Every line in the records below between the one holding "Jacob Delafon Смеситель" and the one holding "Tom James all silk tie‎", inclusive, is to be set down exactly; all other lines are to be left out.
##### Entries supplied #####
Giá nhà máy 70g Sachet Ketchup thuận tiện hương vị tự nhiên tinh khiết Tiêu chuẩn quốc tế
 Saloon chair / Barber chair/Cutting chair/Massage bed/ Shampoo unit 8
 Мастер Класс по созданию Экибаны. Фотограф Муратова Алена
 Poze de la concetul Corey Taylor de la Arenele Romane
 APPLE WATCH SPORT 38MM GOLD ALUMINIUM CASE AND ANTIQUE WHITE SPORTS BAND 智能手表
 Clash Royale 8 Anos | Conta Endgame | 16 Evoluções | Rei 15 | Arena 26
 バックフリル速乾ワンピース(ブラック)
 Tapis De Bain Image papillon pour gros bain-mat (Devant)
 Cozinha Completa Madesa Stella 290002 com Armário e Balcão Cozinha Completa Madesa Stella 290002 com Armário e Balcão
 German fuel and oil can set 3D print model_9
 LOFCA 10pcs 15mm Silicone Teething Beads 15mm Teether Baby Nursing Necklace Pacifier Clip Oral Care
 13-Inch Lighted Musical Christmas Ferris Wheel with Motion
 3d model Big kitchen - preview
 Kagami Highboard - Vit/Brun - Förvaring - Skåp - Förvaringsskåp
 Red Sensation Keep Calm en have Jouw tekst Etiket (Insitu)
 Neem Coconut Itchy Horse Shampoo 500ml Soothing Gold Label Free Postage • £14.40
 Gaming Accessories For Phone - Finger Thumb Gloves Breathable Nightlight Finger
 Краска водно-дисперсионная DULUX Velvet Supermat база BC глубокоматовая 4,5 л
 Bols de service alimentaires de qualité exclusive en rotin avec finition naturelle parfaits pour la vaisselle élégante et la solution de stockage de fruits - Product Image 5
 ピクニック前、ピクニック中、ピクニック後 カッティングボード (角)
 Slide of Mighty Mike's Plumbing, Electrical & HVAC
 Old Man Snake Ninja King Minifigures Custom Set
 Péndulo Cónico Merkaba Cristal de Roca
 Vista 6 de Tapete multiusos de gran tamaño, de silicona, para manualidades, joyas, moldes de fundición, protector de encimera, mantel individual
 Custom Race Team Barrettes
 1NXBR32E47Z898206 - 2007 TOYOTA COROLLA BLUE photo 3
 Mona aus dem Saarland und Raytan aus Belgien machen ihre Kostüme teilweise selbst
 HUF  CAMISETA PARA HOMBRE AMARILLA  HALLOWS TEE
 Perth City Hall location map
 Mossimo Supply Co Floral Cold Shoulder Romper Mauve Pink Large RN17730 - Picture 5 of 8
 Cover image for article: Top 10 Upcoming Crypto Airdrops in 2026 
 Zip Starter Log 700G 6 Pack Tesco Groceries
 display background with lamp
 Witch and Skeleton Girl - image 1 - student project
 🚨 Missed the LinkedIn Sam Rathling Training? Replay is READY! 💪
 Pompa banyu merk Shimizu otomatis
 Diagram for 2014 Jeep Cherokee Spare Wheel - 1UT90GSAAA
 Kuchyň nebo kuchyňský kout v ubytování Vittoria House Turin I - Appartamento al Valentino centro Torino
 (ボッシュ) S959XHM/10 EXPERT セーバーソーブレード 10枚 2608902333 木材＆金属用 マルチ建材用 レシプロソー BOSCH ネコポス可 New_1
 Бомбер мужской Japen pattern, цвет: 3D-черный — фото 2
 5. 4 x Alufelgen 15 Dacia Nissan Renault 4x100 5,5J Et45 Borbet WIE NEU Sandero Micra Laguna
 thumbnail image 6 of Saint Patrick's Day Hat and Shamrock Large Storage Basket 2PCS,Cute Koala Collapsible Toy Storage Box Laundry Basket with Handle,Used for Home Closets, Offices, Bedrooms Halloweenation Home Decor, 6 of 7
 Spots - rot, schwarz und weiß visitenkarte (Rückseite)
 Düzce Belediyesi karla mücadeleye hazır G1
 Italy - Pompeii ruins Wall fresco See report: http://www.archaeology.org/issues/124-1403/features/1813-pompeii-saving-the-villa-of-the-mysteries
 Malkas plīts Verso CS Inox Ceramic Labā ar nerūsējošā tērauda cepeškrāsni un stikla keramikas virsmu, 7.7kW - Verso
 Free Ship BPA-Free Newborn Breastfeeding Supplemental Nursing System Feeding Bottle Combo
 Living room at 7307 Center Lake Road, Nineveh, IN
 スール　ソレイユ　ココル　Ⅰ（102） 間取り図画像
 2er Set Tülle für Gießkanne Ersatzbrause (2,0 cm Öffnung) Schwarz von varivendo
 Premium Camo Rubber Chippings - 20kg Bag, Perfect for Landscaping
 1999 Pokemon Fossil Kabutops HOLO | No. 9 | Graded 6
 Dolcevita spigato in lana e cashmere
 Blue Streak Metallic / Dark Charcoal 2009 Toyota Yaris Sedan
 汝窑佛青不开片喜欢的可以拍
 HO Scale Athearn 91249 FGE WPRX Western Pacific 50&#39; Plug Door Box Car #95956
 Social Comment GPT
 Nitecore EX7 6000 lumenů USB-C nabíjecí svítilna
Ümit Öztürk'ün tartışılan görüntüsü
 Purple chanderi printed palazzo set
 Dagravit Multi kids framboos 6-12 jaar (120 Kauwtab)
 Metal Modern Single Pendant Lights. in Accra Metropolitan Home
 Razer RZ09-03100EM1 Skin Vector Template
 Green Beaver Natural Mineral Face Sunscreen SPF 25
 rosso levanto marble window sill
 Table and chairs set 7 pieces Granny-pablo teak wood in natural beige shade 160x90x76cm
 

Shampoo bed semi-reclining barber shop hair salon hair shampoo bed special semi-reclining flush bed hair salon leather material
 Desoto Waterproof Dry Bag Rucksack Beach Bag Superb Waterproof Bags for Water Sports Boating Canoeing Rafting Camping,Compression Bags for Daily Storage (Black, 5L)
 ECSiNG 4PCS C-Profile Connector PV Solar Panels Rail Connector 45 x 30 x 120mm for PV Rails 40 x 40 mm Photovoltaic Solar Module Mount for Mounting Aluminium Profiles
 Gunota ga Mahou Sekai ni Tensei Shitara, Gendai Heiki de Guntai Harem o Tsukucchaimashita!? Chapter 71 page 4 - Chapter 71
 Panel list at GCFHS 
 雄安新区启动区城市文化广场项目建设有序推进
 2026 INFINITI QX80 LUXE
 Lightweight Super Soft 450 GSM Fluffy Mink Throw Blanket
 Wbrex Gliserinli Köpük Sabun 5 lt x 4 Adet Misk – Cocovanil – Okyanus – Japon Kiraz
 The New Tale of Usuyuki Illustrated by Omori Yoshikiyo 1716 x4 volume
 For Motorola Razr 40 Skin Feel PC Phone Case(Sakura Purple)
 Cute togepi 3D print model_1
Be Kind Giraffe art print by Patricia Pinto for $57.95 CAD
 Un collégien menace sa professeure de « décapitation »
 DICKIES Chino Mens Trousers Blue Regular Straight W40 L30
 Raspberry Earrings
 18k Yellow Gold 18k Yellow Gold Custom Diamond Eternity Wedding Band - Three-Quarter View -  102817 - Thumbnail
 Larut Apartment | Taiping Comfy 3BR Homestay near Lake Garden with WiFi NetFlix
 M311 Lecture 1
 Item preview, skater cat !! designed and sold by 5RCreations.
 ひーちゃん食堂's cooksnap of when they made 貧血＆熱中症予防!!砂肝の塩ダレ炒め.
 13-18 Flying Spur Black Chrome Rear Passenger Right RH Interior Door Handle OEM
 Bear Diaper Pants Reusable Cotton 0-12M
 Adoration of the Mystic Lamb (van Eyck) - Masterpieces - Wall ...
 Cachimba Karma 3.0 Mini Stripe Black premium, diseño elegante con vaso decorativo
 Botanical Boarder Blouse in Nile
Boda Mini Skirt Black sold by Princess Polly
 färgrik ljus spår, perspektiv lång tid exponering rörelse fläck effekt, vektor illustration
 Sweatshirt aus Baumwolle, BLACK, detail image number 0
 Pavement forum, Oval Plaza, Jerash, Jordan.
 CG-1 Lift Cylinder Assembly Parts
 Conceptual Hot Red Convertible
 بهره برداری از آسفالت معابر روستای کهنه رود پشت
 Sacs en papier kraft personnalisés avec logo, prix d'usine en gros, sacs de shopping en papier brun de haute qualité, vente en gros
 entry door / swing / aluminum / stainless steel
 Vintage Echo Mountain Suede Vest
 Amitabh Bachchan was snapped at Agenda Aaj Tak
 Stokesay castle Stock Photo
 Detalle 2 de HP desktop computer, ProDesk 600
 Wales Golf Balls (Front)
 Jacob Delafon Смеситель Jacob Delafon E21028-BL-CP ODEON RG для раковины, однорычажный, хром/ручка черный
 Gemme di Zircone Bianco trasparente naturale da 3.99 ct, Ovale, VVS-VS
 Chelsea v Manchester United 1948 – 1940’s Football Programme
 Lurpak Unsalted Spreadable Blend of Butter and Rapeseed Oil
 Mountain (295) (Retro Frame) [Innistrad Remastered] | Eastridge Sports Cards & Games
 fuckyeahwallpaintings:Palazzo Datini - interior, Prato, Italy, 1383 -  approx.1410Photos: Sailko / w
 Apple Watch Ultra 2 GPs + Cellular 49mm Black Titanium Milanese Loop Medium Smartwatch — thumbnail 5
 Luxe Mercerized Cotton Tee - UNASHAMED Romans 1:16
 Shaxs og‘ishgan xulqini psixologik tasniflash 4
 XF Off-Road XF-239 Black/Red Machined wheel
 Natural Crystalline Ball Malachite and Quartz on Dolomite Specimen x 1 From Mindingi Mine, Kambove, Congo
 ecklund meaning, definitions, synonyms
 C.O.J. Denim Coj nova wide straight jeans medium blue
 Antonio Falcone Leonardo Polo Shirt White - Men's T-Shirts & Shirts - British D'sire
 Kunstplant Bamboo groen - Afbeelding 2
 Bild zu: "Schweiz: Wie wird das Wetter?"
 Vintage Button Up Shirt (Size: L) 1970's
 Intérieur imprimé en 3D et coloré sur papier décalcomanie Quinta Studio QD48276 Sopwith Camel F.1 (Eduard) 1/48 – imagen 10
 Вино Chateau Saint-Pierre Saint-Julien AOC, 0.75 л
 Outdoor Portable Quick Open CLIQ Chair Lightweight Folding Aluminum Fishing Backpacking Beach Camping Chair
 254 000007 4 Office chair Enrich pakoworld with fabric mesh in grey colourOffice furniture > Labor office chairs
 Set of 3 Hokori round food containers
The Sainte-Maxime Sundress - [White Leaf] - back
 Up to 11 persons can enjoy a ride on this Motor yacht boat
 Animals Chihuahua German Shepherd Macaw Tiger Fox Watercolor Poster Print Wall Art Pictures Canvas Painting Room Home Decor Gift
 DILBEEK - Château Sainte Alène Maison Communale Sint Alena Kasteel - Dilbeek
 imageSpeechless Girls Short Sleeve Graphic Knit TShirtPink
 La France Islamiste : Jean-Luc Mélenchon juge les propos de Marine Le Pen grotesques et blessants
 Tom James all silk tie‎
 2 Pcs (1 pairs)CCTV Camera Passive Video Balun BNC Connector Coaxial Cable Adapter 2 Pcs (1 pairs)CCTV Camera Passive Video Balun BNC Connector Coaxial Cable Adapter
#####
▶ _Task result_:
 Jacob Delafon Смеситель Jacob Delafon E21028-BL-CP ODEON RG для раковины, однорычажный, хром/ручка черный
 Gemme di Zircone Bianco trasparente naturale da 3.99 ct, Ovale, VVS-VS
 Chelsea v Manchester United 1948 – 1940’s Football Programme
 Lurpak Unsalted Spreadable Blend of Butter and Rapeseed Oil
 Mountain (295) (Retro Frame) [Innistrad Remastered] | Eastridge Sports Cards & Games
 fuckyeahwallpaintings:Palazzo Datini - interior, Prato, Italy, 1383 -  approx.1410Photos: Sailko / w
 Apple Watch Ultra 2 GPs + Cellular 49mm Black Titanium Milanese Loop Medium Smartwatch — thumbnail 5
 Luxe Mercerized Cotton Tee - UNASHAMED Romans 1:16
 Shaxs og‘ishgan xulqini psixologik tasniflash 4
 XF Off-Road XF-239 Black/Red Machined wheel
 Natural Crystalline Ball Malachite and Quartz on Dolomite Specimen x 1 From Mindingi Mine, Kambove, Congo
 ecklund meaning, definitions, synonyms
 C.O.J. Denim Coj nova wide straight jeans medium blue
 Antonio Falcone Leonardo Polo Shirt White - Men's T-Shirts & Shirts - British D'sire
 Kunstplant Bamboo groen - Afbeelding 2
 Bild zu: "Schweiz: Wie wird das Wetter?"
 Vintage Button Up Shirt (Size: L) 1970's
 Intérieur imprimé en 3D et coloré sur papier décalcomanie Quinta Studio QD48276 Sopwith Camel F.1 (Eduard) 1/48 – imagen 10
 Вино Chateau Saint-Pierre Saint-Julien AOC, 0.75 л
 Outdoor Portable Quick Open CLIQ Chair Lightweight Folding Aluminum Fishing Backpacking Beach Camping Chair
 254 000007 4 Office chair Enrich pakoworld with fabric mesh in grey colourOffice furniture > Labor office chairs
 Set of 3 Hokori round food containers
The Sainte-Maxime Sundress - [White Leaf] - back
 Up to 11 persons can enjoy a ride on this Motor yacht boat
 Animals Chihuahua German Shepherd Macaw Tiger Fox Watercolor Poster Print Wall Art Pictures Canvas Painting Room Home Decor Gift
 DILBEEK - Château Sainte Alène Maison Communale Sint Alena Kasteel - Dilbeek
 imageSpeechless Girls Short Sleeve Graphic Knit TShirtPink
 La France Islamiste : Jean-Luc Mélenchon juge les propos de Marine Le Pen grotesques et blessants
 Tom James all silk tie‎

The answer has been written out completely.